I'll document some concrete use case examples:

1) Scalar counters incremented in Go server request handlers

func serveRequest(...) {
  requestCounter.Add(1)
}
func serveCounter(w responseWriter, ...) {
  w.Print(requestCounter.Count())
}

I believe with @aclements 's API we would implement this as:

func (c *counter) Add(n int) {
  if v, ok := c.shards.Get().(int); ok {
    v += n
    c.shards.Put(v)
  } else {
    c.shards.Put(n)
  }
}
func (c *counter) Count() (v int) {
  c.shards.Do(func(shard interface{}) {
    v += shard.(int)
  })
  return v
}

2) Non-scalar (map) metrics in Go server request handlers

func serveRequest(...) {
  user := userFromRequest(req)
  userRequestCounter.Add(1, user)
}
func serveCounter(w responseWriter, ...) {
  w.Print(userRequestCounter.Map())
}

I believe with @aclements 's API we would implement this as:

func (c *mapCounter) Add(n int, key string) {
  if m, ok := c.shards.Get().(map[string]int); ok {
    m[key] += n
    c.shards.Put(m)
  } else {
    c.shards.Put(map[string]int{key: n})
  }
}
func (c *mapCounter) Map() map[string]int {
  m := make(map[string]int)
  c.shards.Do(func(shard interface{}) {
    for key, count := range shard.(map[string]int) {
      m[key] += count
    }
  })
  return m
}

@aclements does that all look right?

bradfitz commented 7 years ago

we would implement this as

if v, ok := c.shards.Get().(int); ok {
v += n
c.shards.Put(v)
} else {
c.shards.Put(n)
}

... allocating an integer for every increment? (ints into interfaces cause an allocation)

bcmills commented 7 years ago

And my experience with sync.Pool is that calling Put with the type-asserted value tends to introduce an extra allocation too (for the interface{} value).

So we'd probably actually want to write it as:

p := c.shards.Get()
if p == nil {
  p = new(int)
}
*(p.(*int)) += n
c.shards.Put(p)

(Or else we'll want to fix the extra allocation for the Put call through some compiler optimization.)

jonhoo commented 7 years ago

I wonder if this could also be used to build a better multi-core RWLock similar to my drwmutex.
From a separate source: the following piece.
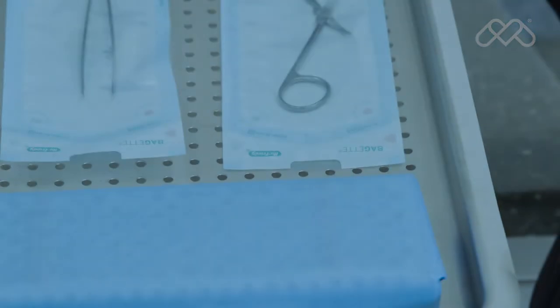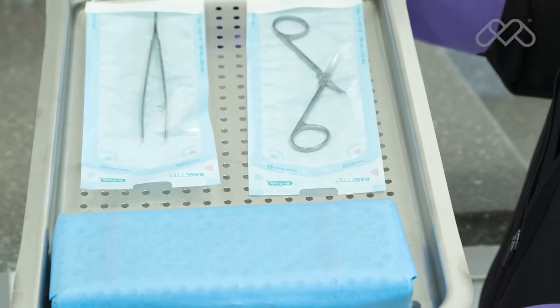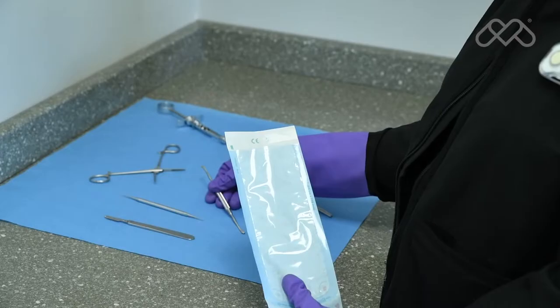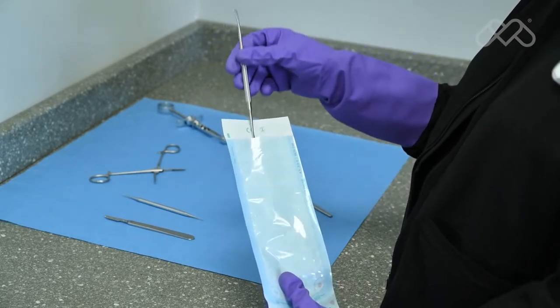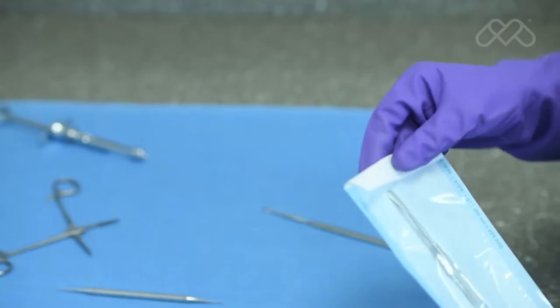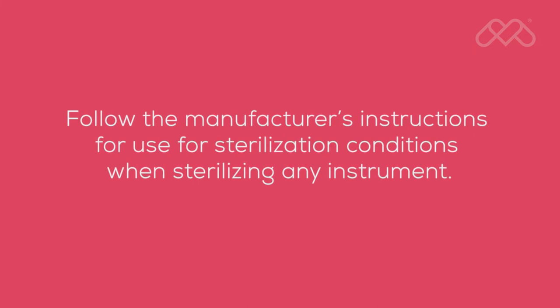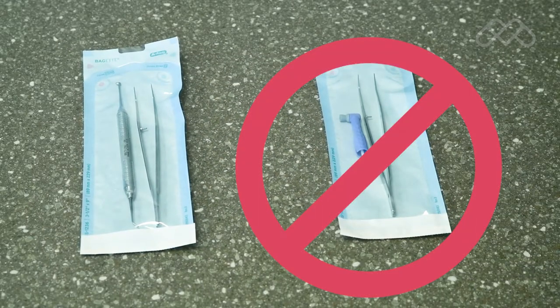M9 and M11 steam sterilizers are capable of sterilizing pouched or wrapped items to preserve sterility after processing. When pouching or wrapping items, use only sterilization pouches and wraps that have been cleared by the FDA and labeled for use with the steam sterilization cycle being used. Follow the manufacturer's instructions for use for sterilization conditions when sterilizing any instrument. Instruments made from different materials should not be mixed in the same pouch or wrapped pack to avoid potential instrument damage.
From the proposal thus far, it sound like it might be tricky to implement something like "as a writer, take all locks, and disallow new locks to be added while you hold those locks".

bcmills commented 7 years ago

@jonhoo

it sounds like it might be tricky to implement something like "as a writer, take all locks, and disallow new locks to be added while you hold those locks".
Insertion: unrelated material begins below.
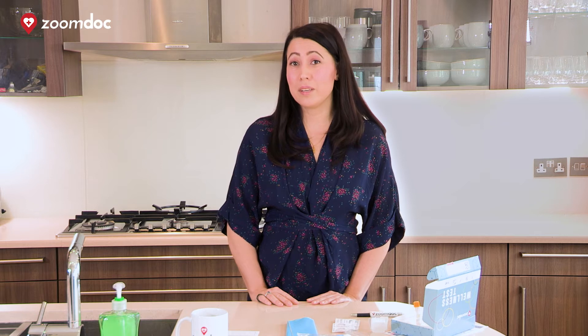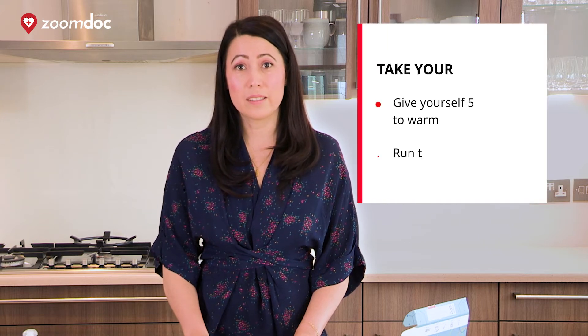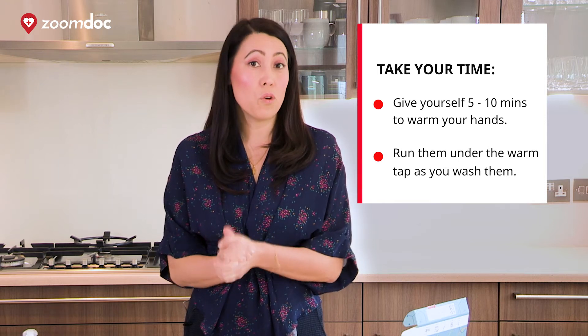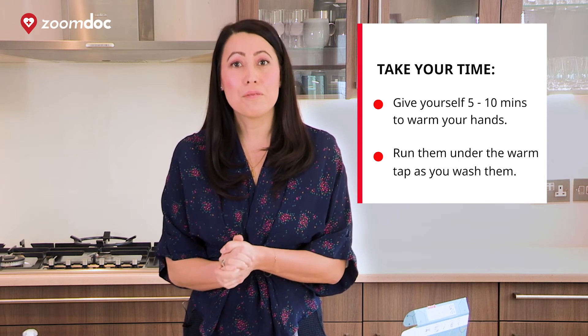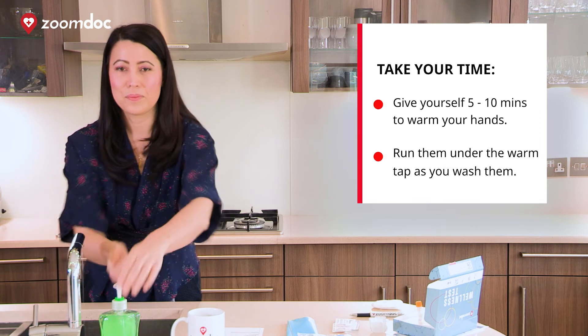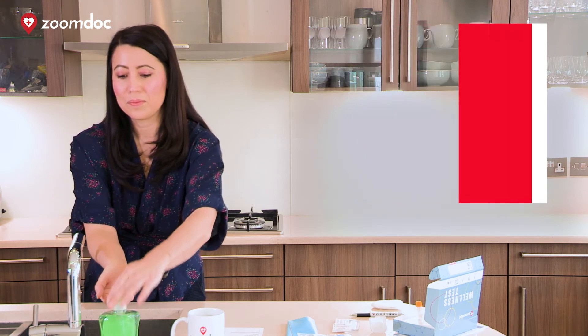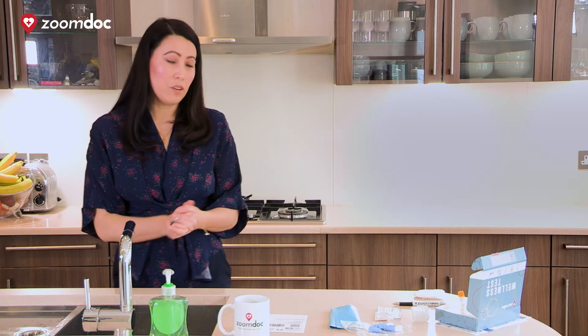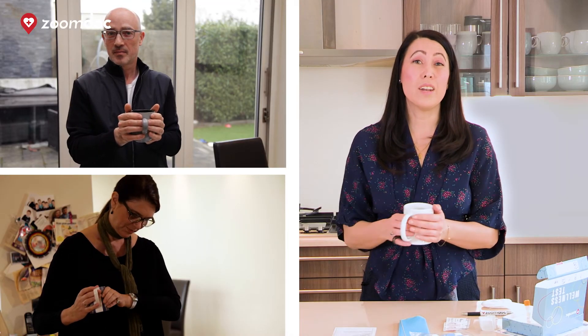You're going to need some kitchen towel and/or a cotton pad. Next, it's very important that you warm your hands. The best way to do this is running your hands under the warm water tap for about five minutes. If you're worried that your hands aren't warm enough, it might be worth holding a warm mug for 15 minutes before the test.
Tricky but possible, I think. You can add a sync.Mutex to be acquired in the exclusive path and when adding new locks, but you have to be careful about lock-ordering.

The harder part is that if you want to satisfy the existing sync.RWMutex API you have to handle the possibility that the RUnlock call occurs on a different thread from the RLock. One thing you could do is keep a locked bool on each of the sharded values and add a slow-path fallback for the case where your thread's read-lock isn't the one you locked.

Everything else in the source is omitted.